◆ WORK ORDER: Set down each line of the data exactly, but not the pictures.

◆ DATASET EXTRACT:
.....

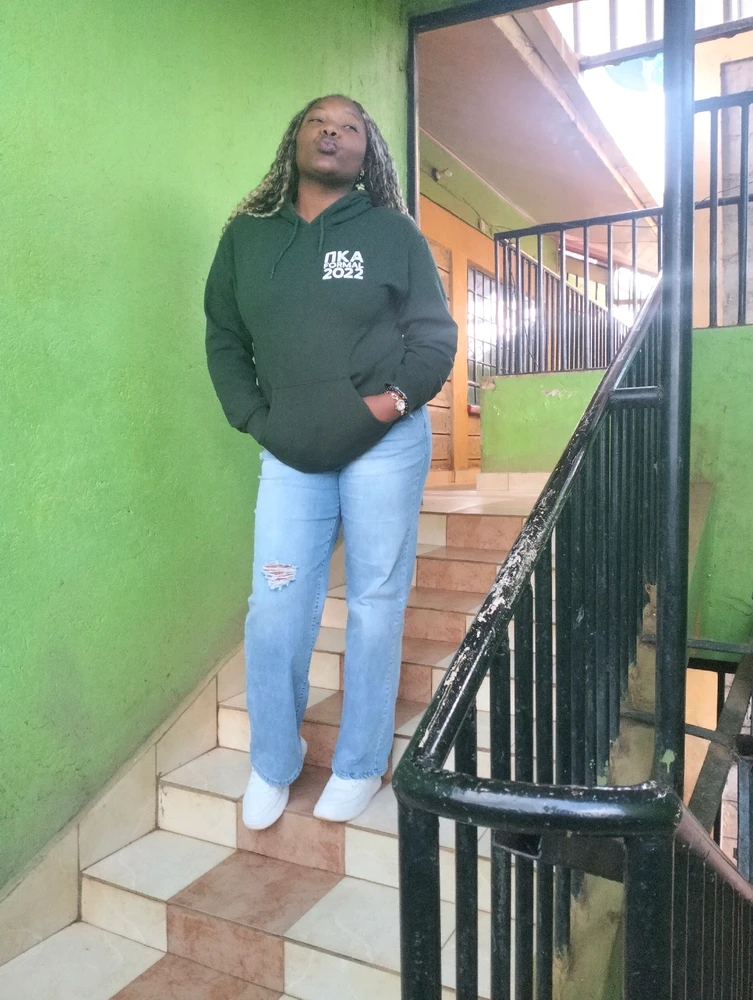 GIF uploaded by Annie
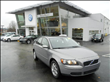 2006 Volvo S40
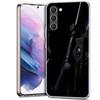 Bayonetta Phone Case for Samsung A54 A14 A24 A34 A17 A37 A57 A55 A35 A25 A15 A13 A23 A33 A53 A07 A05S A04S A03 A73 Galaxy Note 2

.....

◆ ANSWER SECTION:
 GIF uploaded by Annie
 2006 Volvo S40
 Bayonetta Phone Case for Samsung A54 A14 A24 A34 A17 A37 A57 A55 A35 A25 A15 A13 A23 A33 A53 A07 A05S A04S A03 A73 Galaxy Note 2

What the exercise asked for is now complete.